*** DATA SUPPLIED ***

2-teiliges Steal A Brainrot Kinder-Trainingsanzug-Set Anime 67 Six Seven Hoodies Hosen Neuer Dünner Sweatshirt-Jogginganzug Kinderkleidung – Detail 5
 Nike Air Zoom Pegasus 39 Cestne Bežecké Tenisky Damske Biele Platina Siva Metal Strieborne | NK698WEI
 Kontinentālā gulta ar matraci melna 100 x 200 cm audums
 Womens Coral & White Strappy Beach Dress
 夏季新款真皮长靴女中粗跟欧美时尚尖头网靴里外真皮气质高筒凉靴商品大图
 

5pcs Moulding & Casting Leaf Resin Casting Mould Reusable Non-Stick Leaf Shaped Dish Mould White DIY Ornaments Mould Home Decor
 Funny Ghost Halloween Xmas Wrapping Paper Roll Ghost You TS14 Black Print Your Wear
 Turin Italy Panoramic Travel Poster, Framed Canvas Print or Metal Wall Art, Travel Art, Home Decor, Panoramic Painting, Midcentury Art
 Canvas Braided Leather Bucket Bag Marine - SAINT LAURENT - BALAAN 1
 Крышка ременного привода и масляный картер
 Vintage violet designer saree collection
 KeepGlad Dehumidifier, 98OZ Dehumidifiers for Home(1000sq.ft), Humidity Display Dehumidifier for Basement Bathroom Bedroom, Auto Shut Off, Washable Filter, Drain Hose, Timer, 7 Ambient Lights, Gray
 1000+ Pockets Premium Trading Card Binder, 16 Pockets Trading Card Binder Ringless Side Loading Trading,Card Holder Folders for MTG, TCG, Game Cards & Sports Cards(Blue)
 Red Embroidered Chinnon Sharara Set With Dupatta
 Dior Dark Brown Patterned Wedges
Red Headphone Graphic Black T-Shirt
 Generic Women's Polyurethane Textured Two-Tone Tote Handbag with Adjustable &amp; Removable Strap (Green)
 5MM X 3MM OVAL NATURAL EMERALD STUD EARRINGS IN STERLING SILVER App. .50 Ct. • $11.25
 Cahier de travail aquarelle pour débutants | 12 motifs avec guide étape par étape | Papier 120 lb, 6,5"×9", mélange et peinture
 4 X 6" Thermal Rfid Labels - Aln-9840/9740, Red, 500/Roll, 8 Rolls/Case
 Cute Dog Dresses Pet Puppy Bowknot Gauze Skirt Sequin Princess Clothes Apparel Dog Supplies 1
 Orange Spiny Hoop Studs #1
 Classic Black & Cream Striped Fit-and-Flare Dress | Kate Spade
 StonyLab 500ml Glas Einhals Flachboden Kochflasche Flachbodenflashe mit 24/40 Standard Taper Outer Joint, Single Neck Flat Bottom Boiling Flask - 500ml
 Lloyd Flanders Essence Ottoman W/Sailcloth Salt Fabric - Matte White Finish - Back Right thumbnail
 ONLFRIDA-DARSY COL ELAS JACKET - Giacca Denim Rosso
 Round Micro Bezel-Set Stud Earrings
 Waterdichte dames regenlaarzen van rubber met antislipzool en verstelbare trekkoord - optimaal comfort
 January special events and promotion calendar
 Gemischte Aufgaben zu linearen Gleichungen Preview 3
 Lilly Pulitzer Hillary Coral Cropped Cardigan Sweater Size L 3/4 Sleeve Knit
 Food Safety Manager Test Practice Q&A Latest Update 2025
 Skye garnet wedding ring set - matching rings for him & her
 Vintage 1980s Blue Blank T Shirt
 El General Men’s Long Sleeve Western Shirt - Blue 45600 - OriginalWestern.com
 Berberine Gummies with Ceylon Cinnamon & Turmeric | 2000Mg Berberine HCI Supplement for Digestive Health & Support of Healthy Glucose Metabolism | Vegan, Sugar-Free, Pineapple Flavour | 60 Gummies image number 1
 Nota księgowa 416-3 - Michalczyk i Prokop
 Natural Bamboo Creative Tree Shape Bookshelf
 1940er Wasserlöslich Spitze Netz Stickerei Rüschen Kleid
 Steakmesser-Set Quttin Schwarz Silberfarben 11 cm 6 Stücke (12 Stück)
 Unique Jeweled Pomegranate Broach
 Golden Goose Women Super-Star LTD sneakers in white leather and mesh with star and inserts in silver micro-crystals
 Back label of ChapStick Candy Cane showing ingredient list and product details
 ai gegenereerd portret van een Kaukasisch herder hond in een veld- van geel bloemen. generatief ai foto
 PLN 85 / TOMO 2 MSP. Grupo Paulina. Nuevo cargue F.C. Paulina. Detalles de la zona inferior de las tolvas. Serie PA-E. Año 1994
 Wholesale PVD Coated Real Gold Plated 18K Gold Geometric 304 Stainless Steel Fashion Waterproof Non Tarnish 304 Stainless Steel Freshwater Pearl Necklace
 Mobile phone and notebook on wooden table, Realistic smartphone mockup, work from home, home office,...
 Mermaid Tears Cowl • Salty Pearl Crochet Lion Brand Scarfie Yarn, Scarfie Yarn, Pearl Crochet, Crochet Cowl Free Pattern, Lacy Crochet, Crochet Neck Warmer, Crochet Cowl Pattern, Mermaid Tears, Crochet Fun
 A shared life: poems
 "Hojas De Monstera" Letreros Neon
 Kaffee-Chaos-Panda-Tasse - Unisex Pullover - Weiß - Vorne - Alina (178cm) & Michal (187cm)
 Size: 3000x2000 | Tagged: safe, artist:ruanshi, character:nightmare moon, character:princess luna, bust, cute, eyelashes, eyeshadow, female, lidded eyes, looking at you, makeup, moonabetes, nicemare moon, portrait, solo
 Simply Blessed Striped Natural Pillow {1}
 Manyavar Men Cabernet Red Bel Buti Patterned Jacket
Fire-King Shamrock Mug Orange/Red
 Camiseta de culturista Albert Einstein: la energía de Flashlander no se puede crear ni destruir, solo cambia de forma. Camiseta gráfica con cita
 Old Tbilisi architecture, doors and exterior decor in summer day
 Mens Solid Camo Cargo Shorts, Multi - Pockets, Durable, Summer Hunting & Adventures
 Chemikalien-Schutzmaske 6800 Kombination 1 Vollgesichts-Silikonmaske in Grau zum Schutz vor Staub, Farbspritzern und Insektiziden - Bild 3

*** End of DATA SUPPLIED ***

Begin with the line above that has "Cute Dog Dresses" and continue through the line that has "Skye garnet wedding", setting each one down exactly. Stop there.

COMPLETED TASK:
 Cute Dog Dresses Pet Puppy Bowknot Gauze Skirt Sequin Princess Clothes Apparel Dog Supplies 1
 Orange Spiny Hoop Studs #1
 Classic Black & Cream Striped Fit-and-Flare Dress | Kate Spade
 StonyLab 500ml Glas Einhals Flachboden Kochflasche Flachbodenflashe mit 24/40 Standard Taper Outer Joint, Single Neck Flat Bottom Boiling Flask - 500ml
 Lloyd Flanders Essence Ottoman W/Sailcloth Salt Fabric - Matte White Finish - Back Right thumbnail
 ONLFRIDA-DARSY COL ELAS JACKET - Giacca Denim Rosso
 Round Micro Bezel-Set Stud Earrings
 Waterdichte dames regenlaarzen van rubber met antislipzool en verstelbare trekkoord - optimaal comfort
 January special events and promotion calendar
 Gemischte Aufgaben zu linearen Gleichungen Preview 3
 Lilly Pulitzer Hillary Coral Cropped Cardigan Sweater Size L 3/4 Sleeve Knit
 Food Safety Manager Test Practice Q&A Latest Update 2025
 Skye garnet wedding ring set - matching rings for him & her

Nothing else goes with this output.